## What you will do
When you copy the material below, keep every line exact and leave each picture out.
[Opening Supplied material section]
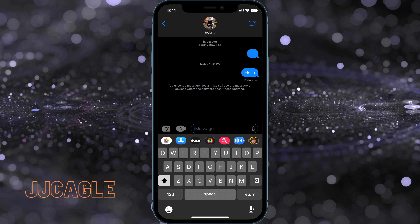It's important to note that both people have to be running iOS 16. If you unsend with someone who does not have iOS 16, they will still see the message. If you edit the message and the recipient doesn't run iOS 16, they will just see 'edited' and the previous message — they won't see the edit as it's supposed to be seen.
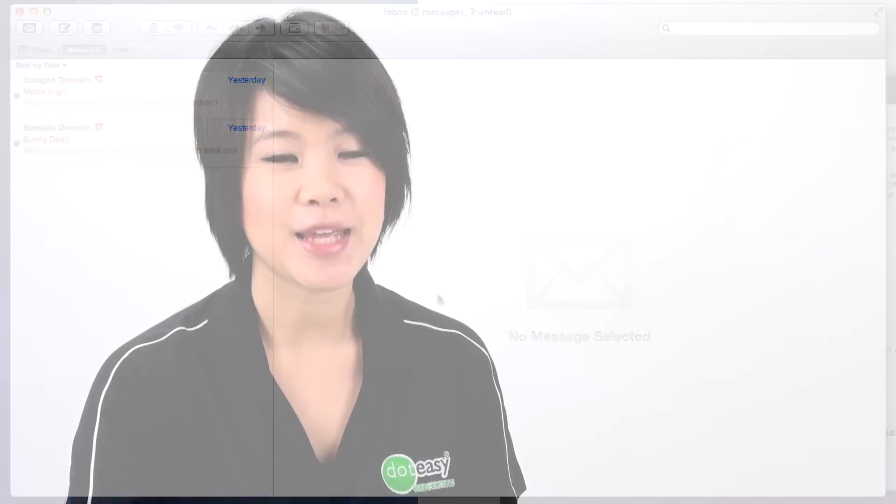So thank you for watching the tutorial. If you have any questions or comments, please contact us through .easy.com, through live chat support, telephone support, or also support ticket. Don't forget to like us on Facebook and subscribe to our channel.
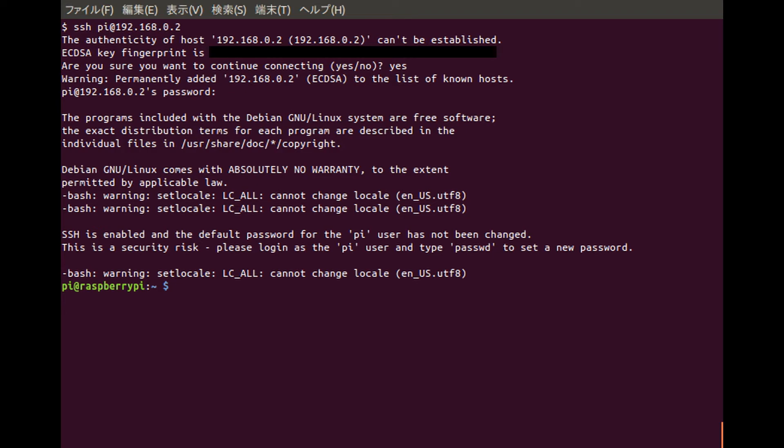That shows how you can enable SSH on a headless Raspberry Pi without having a keyboard, mouse, display, or anything.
[Closing Supplied material section]
## Result of this exercise
It's important to note that both people have to be running iOS 16. If you unsend with someone who does not have iOS 16, they will still see the message. If you edit the message and the recipient doesn't run iOS 16, they will just see 'edited' and the previous message — they won't see the edit as it's supposed to be seen.
So thank you for watching the tutorial. If you have any questions or comments, please contact us through .easy.com, through live chat support, telephone support, or also support ticket. Don't forget to like us on Facebook and subscribe to our channel.
That shows how you can enable SSH on a headless Raspberry Pi without having a keyboard, mouse, display, or anything.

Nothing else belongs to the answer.